So here are my questions:
- did I miss a step somewhere?
- is it possible to fine-tune a model with a small amount of data and time?
if so, do we have a lower threshold for the training set size or a similar documentation/paper I can read? - is there any correlation between the amount of training data and the epochs? Which epochs value would be suggested?
- is my accent too heavy and/or not included in training set? (I have a greek accent)
- can the checkpoint model(v0.8.2) be considered equivalent to the pre-trained model v0.8.2)?
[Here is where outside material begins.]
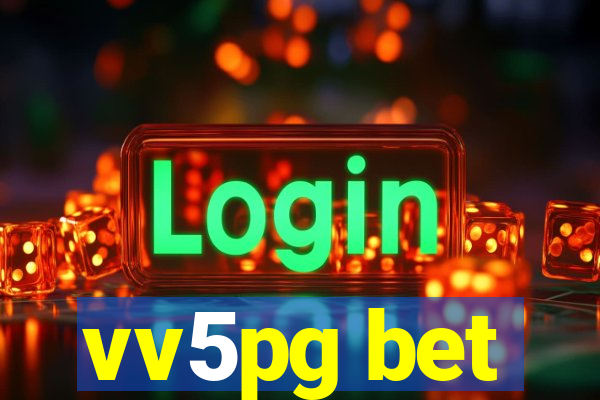 vv5pg bet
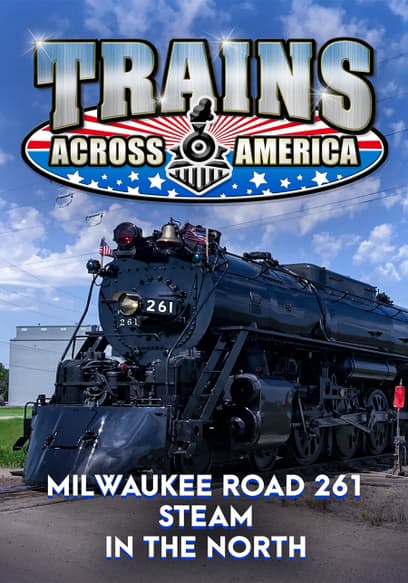 Trains Across America: Milwaukee Road 261 - Steam in the North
After testing them both I got the same results, but I wanted to make sure:- For the inference (pre-trained model) I used:
deepspeech --model /my/path/to/deepspeech-0.8.2-models.pbmm --scorer /my/path/to/deepspeech-0.8.2-models.scorer --audio /my/path/to/dev/utterance_0.wav
(run on all the audio files _0 to _4) I got:
original : "training a model is easy" inference : "training a model is easy" original : "in the first three forms we copy the tree to the entries" inference : "in the first three fortunes we copied the three to the empress" original : "be quiet and only report errors" inference : "be quiet and only report terrors" original : "you are happily working on something and find the changes in these files are in good order" inference : "you are happily working on something and find the changes in this files are in good order" original : "this is most often done when you remembered what you just committed is incomplete" inference : "this is most often done when you remembered what you just committed to is incomplete"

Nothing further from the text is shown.